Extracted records
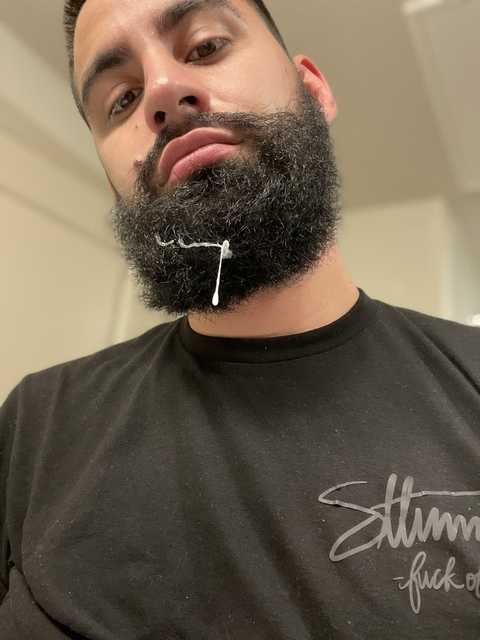 View twinhimeros OnlyFans videos and photos for free 

 picture 2
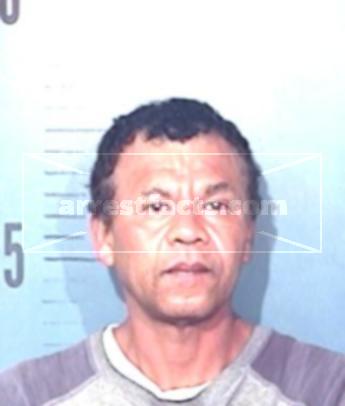 Pedro Martinez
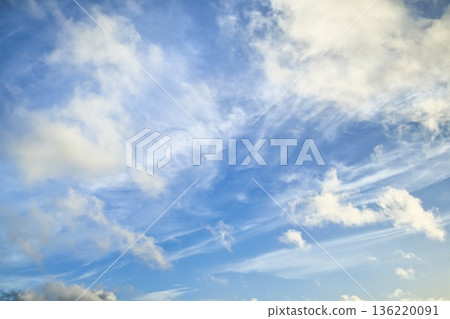 New Zealand Natural Sky Replacement Whoosh Clouds New Zealand Natural Sky Replacement Whoosh Clouds 136220091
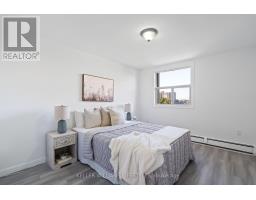 511 - 931 WONDERLAND ROAD S - 29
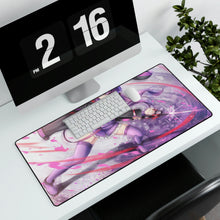 Load image into Gallery viewer, Vocaloid Mouse Pad (Desk Mat)

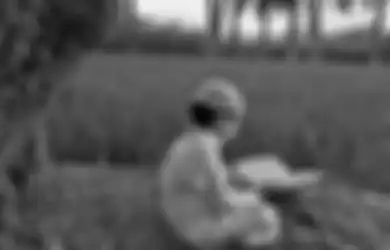 Simak Doa Agar Anak Menjadi Soleh dan Solehah Serta Selalu Berada di Lindungan Allah SWT Lengkap Tulisan Latin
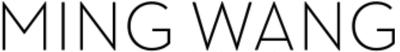 mingwang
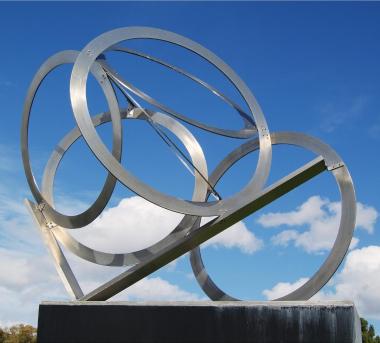 Ολυμπιακοί κύκλοι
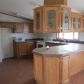 530 Good Hope Rd, Nortonville, KY 42442 ID:12708153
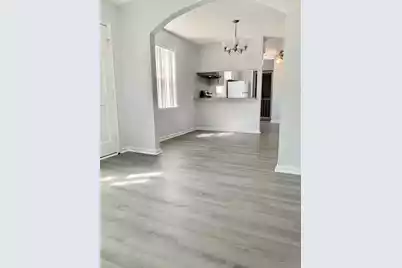 105 Merriman Road S, Georgetown, SC 29440 - Photo 10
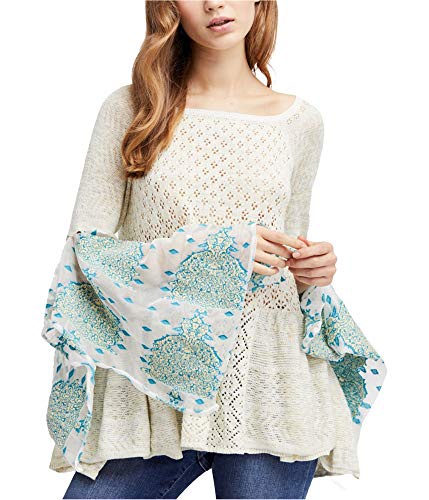 Free People DRESS レディース US サイズ: Small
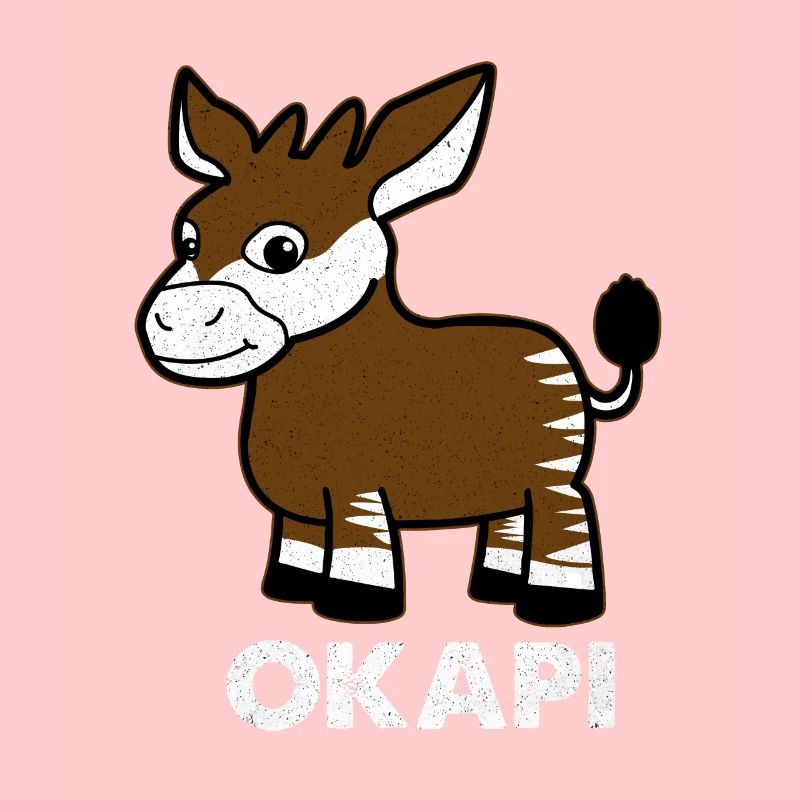 Okapi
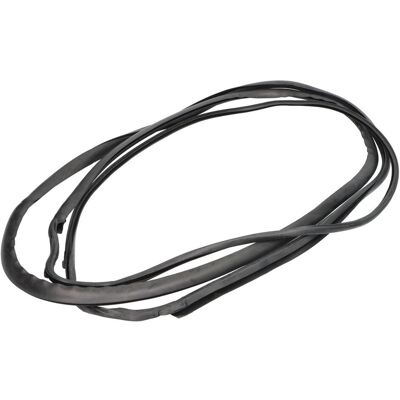 Blic Set di cornici per parabrezza 5703-04-6037674Q Blic Set di cornici per parabrezza 5703-04-6037674Q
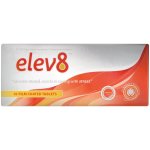 25MG Tablets 10'S
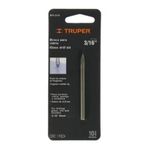 Broca-Para-Vidrio-Y-Azulejo-3-16--Truper-11701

## Exercise description
Nothing but the lines from the one holding "511 - 931 WONDERLAND ROAD S - 29" through the final line of the records above belongs in the answer, each retyped exactly; omit the pictures.

## Task output
 511 - 931 WONDERLAND ROAD S - 29
 Load image into Gallery viewer, Vocaloid Mouse Pad (Desk Mat)

 Simak Doa Agar Anak Menjadi Soleh dan Solehah Serta Selalu Berada di Lindungan Allah SWT Lengkap Tulisan Latin
 mingwang
 Ολυμπιακοί κύκλοι
 530 Good Hope Rd, Nortonville, KY 42442 ID:12708153
 105 Merriman Road S, Georgetown, SC 29440 - Photo 10
 Free People DRESS レディース US サイズ: Small
 Okapi
 Blic Set di cornici per parabrezza 5703-04-6037674Q Blic Set di cornici per parabrezza 5703-04-6037674Q
 25MG Tablets 10'S
 Broca-Para-Vidrio-Y-Azulejo-3-16--Truper-11701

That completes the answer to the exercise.